We started with a selection of appetisers – from Yobuko squid, tiger prawns and Kagoshima caviar, through to wine-fed kuroge wagyu beef. 😋
…before moving on to Goto udon noodles for the next course.
The noodles soon gave way to white fish with kuzu…
… and miso soup with seasonal vegetables.
Dessert came in the form of soft tofu (which was a totally delightful surprise for me as I’ve never been the biggest of tofu in the past).
All in all, an absolutely delicious lunch and one that surprised me how stuffed I was by the end of it. 😀 I just loved how there was so much variety too! It was like eating your way through Kyushu in one meal.
Shortly after lunch, we arrived at our first stop – Arita, a town in the Saga prefecture of Kyushu that renowned the world over for its porcelain.
The porcelain here doesn’t come cheap (not if you go to the traditional places that have done it for generations) but it’s easy to see why once you get a first-hand look at the process and skill that goes into it.
For that, we headed to an Atelier Kiln called Seirokugama, where we got to experience first hand, the craftsmanship that goes into this centuries-old art.
Typically, a ‘Kiln’ is essentially an oven for baking pottery (e.g. the porcelain here) but an ‘Atelier Kiln’ is much more than just an oven. It’s also the incredible craftsmanship, art, design and detail that goes into each piece.
Suffice to say, there’s very good reason why each piece is really treasured (and fairly expensive).
The porcelain we’d been using on the train (plates, art on the walls and even the sinks in the bathrooms) all come from Arita and seeing it from the raw material through to the (almost finished) product – tea and treats in hand, I just knew I had to get a little souvenir before we left the Arita for the train again!
And so, with free time on our hands, we off we went souvenir hunting (we’d already gotten some sake cups at Seirokugama but I was eager to get some more stuff… and also check out the town, of course)…

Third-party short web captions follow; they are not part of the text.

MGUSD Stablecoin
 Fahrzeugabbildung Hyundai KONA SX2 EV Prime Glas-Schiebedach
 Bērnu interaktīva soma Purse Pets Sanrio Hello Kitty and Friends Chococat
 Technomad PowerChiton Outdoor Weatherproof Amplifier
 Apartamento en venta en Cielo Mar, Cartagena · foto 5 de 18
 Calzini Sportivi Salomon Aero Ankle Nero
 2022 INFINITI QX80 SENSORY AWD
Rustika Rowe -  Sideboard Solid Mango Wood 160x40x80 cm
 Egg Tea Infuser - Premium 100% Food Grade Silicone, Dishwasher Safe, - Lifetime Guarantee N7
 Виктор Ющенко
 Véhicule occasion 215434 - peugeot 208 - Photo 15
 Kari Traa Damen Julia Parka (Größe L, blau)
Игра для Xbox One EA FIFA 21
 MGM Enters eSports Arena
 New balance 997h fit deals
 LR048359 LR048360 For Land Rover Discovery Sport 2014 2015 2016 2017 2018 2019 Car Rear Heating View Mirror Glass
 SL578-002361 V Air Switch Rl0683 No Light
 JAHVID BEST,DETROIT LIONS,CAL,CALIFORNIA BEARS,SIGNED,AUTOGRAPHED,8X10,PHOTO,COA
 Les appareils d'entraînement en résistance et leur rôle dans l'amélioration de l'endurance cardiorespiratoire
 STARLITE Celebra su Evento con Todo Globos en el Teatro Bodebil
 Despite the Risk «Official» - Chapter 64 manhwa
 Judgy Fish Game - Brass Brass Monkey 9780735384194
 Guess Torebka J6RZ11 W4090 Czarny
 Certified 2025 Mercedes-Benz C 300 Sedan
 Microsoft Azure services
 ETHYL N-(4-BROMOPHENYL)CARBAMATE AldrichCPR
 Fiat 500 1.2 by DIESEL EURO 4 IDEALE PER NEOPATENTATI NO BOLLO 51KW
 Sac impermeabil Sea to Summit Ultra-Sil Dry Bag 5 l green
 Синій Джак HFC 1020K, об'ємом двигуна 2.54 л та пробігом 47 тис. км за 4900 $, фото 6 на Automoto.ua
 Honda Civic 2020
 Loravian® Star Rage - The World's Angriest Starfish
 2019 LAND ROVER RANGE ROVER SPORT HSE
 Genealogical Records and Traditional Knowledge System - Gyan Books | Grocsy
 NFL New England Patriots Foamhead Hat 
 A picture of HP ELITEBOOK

…stopping off to check Keiun-ji.
Back on the train, we kicked back and relaxed with cocktails and we zipped past the Japanese countryside.
^ That building above is actually a theme park in Sasebo, Nagasaki (called Huis Ten Bosch) based on the Netherlands – ergo the style of the building! It’s apparently all very Dutch inside.
Before we knew it, it was time for dinner and we kicked things off with an obligatory glass of champagne before tucking into the most amazing feast.
Each item on the menu is inspired by a different part of Kyushu, with ingredients sourced from the island – all of was absolutely delicious!
Shortly after dinner, we stopped off in Nagasaki station where we were excitedly told to head to the platform for a special Bian lian performance.
Truth be told, I knew to nothing about Bian lian and on further inquiry was told that it was an ancient Chinese face-changing performance… which, at the time, really didn’t describe much.
And I’m glad it didn’t because, by the time the face started changing, I pretty much had to pick my jaw off the ground! It. Is. Incredible!
There’s all this dancing and in less than a second, with a quick whip of a fan (or a micro-second turn around), the mask faces would change.
And this happened over and over again with us none the wiser about how it was happening!
There were so many face changes (far more than I have on camera) – all from the exact same person.
I still have no idea how she did it, what I do know however is that if you even get a chance to experience Bian lian, you’ve got to do so!
Back on the train, still amazed and perplexed by what we’d just seen, we were welcomed back with live music, delicious cocktails and sweet treats!
And so that’s what we spent the rest of the evening doing till late into the night – sampling as many offerings of the cocktail bar as possible (which is nigh-impossible as they can make you cocktails that don’t even appear on the menu)…
…indulging in even more sweet treats
…and pinching ourselves about how amazing the Seven Stars train had been so far!
It’s one thing to have high expectations.
To then have those (already high) expectations then surpassed (sometimes in ways you didn’t even expect) just makes for such an amazing trip and the Seven Stars in Kyushu certainly delivered on that front!